To address these substantial gaps in the literature, the current study examined associations between receiving alcohol BI and 12-month drinking outcomes and 18-month health outcomes among adult patients with hypertension and T2D who screened positive for unhealthy alcohol use in adult primary care. The study was conducted in the context of a systematic, population-based SBIRT programme in an integrated healthcare delivery system; findings could contribute substantially to understanding the effectiveness of alcohol BI in these clinical populations.
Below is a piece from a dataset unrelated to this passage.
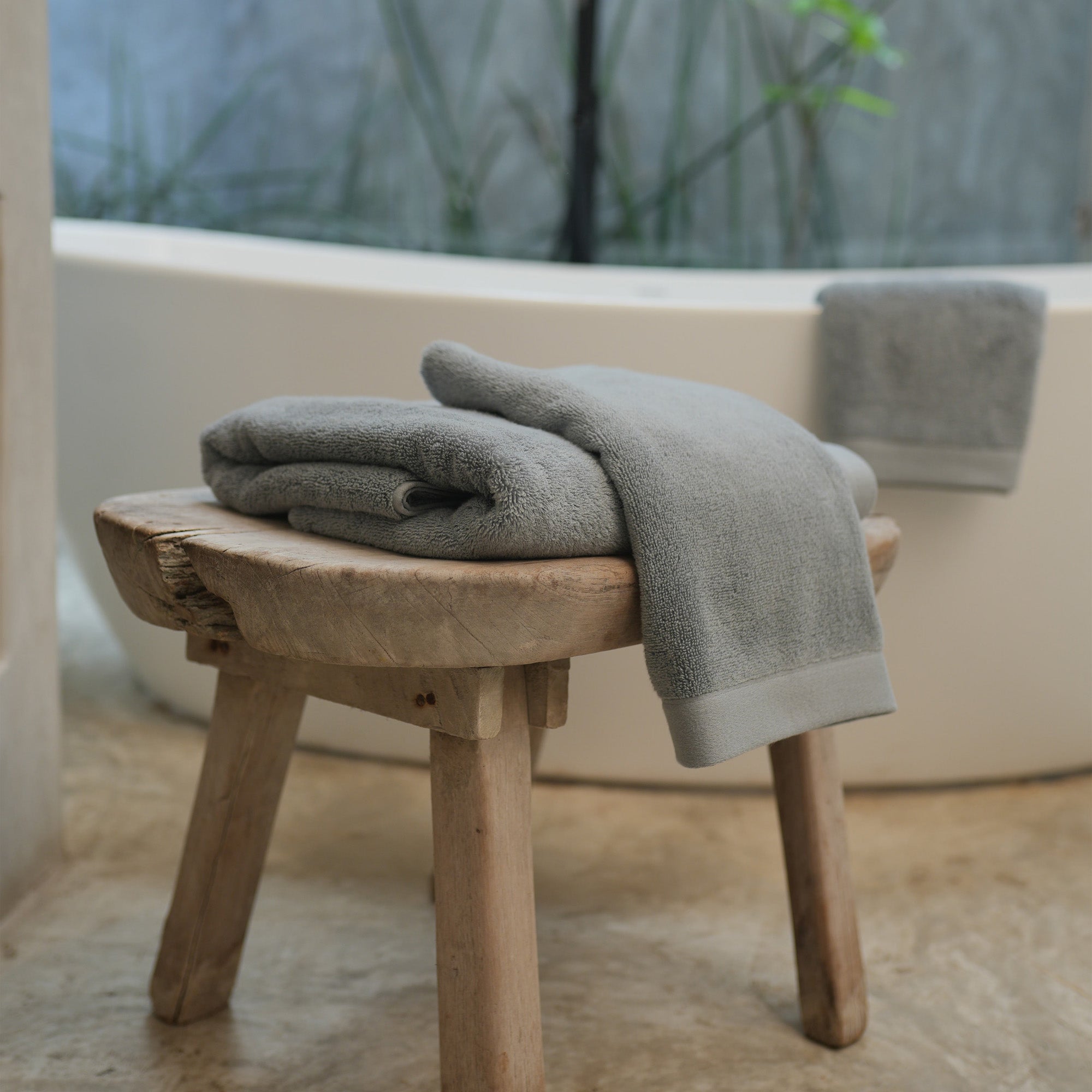 Oasis Bath Towels Pair by Rest & Reset styled on a bathroom bench, adding warmth and relaxed luxury to the space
KPNC is a non-profit integrated healthcare system of over four million members, representing about a third of all Northern Californians, with a socioeconomically diverse membership similar to the local and state-wide insured population, excluding those with very low income. KPNC provides care to a population insured through employer-based plans, Medicare, Medicaid and health insurance exchanges and its members are highly representative of the US population with access to care.30 31 KPNC has 21 medical centres, 233 medical offices and 2147 adult primary care physicians and providers, and provides specialty psychiatry and addiction treatment as a covered benefit. Sociodemographics, diagnoses, clinic visits, procedures, medications and laboratory measurements were maintained in KPNC electronic health record (EHR), which the study principal investigator and the lead analyst had full access to.
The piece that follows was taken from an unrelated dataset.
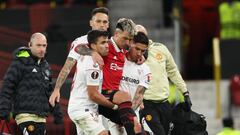 MANCHESTER, ENGLAND - APRIL 13: Marcos Acuna of Sevilla and Gonzalo Montiel of Sevilla carry off Lisandro Martinez of Manchester United after an injury during the UEFA Europa League quarterfinal first leg match between Manchester United and Sevilla FC at Old Trafford on April 13, 2023 in Manchester, United Kingdom. (Photo by Matthew Ashton - AMA/Getty Images)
Systematic alcohol screening and BI
The Alcohol as a Vital Sign (AVS) initiative is an SBIRT workflow in adult primary care (Internal Medicine or Family Practice) at KPNC. Using National Institute on Alcohol Abuse and Alcoholism (NIAAA) evidence-based screening instruments embedded in the EHR, medical assistants ask a single-item question about heavy drinking (‘How many times in the past 3 months have you had five or more drinks in a day’ (for men aged 18–65 years), or ‘four or more drinks’ for men aged ≥66 years and women of all ages), followed by two questions on typical drinking days per week and typical number of drinks per drinking day.32 Medical assistants ask these questions as they collect other vital sign information, and record patient answers in the EHR.
Drinking that exceeds recommended daily and/or weekly limits (>7 drinks/week for women and men aged 66 and older, or >14 drinks/week for men aged 18–65), is considered positive for unhealthy drinking. Per protocol, physicians offer patients who screen positive a BI based on motivational interviewing principles,33 including a referral to outpatient addiction medicine treatment if indicated. The EHR alerts medical assistants with a reminder to screen patients annually, except for those who had a prior positive alcohol screening, in which case the reminder is issued every 6 months until the patient has a negative screening. See online supplemental document 1 for detailed descriptions of the AVS protocol.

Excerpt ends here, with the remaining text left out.